**DATA EXCERPTS:**
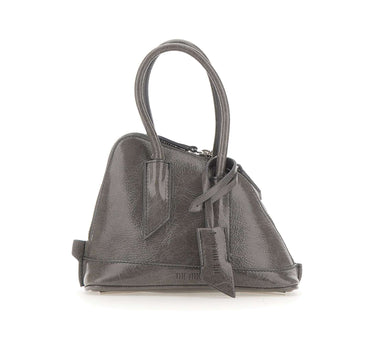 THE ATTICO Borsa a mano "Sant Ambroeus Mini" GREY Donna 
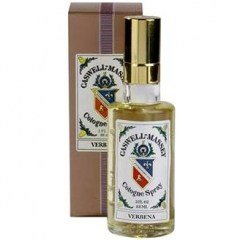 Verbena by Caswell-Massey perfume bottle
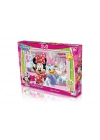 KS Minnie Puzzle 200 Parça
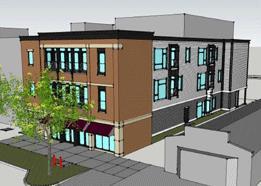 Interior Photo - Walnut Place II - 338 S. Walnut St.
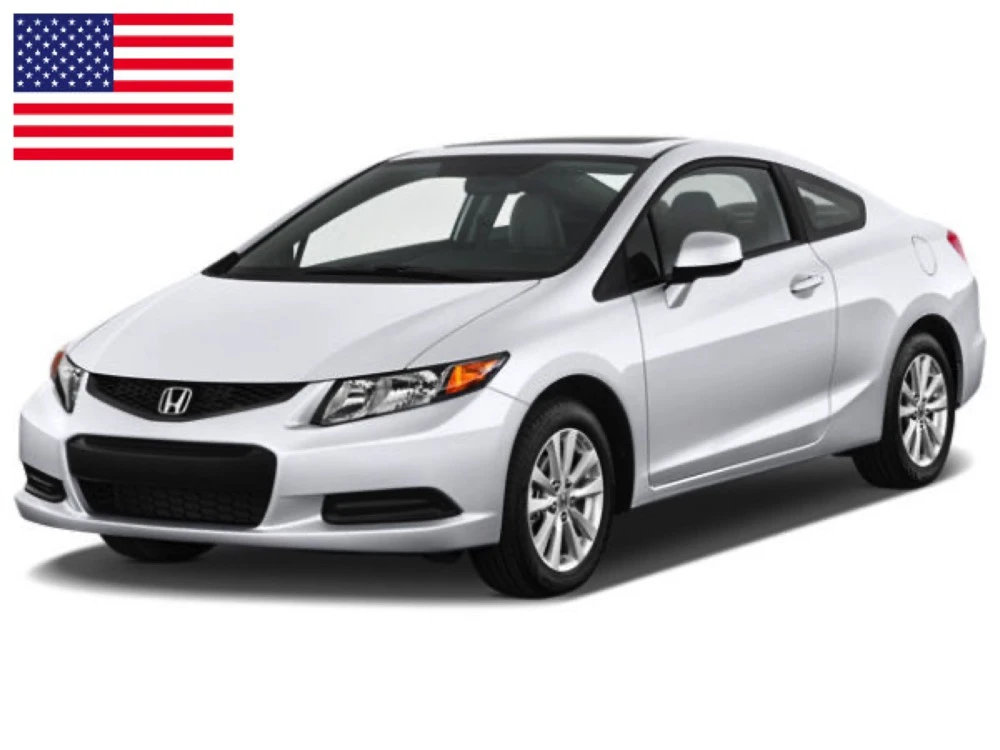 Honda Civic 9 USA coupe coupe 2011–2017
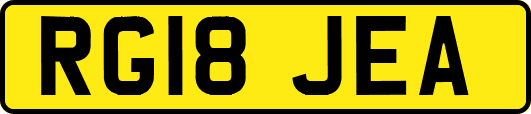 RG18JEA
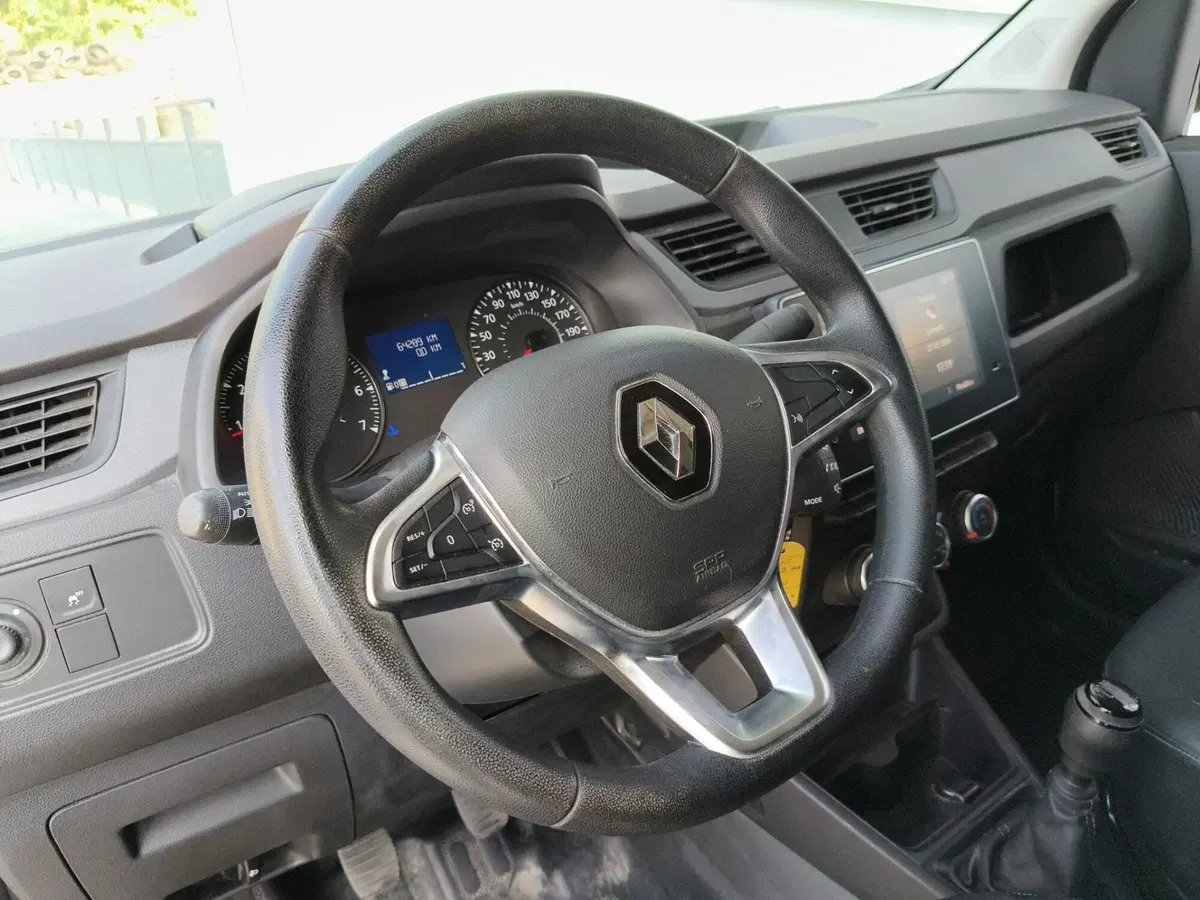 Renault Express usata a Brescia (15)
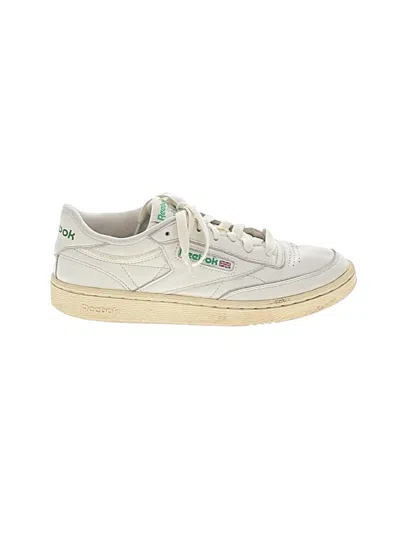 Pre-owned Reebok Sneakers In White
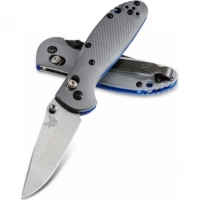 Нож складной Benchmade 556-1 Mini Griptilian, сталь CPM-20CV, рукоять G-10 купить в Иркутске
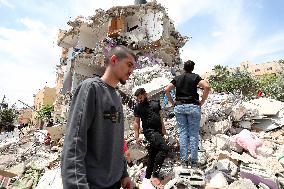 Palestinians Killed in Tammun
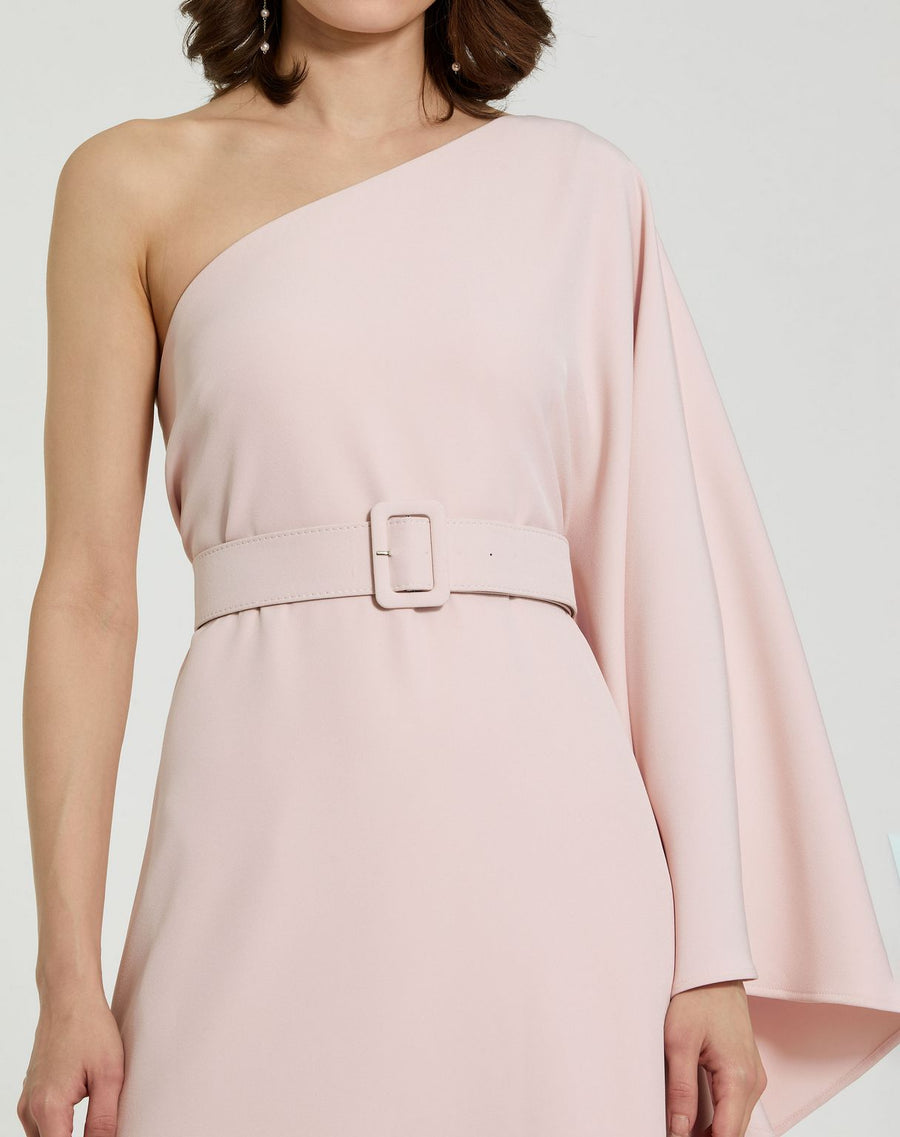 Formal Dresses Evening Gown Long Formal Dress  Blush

**EXERCISE REQUIREMENTS:**
Type the listing above out again exactly, and omit all pictures.

**RESPONSE BELOW:**
 THE ATTICO Borsa a mano "Sant Ambroeus Mini" GREY Donna 
 Verbena by Caswell-Massey perfume bottle
 KS Minnie Puzzle 200 Parça
 Interior Photo - Walnut Place II - 338 S. Walnut St.
 Honda Civic 9 USA coupe coupe 2011–2017
 RG18JEA
 Renault Express usata a Brescia (15)
 Pre-owned Reebok Sneakers In White
 Нож складной Benchmade 556-1 Mini Griptilian, сталь CPM-20CV, рукоять G-10 купить в Иркутске
 Palestinians Killed in Tammun
 Formal Dresses Evening Gown Long Formal Dress  Blush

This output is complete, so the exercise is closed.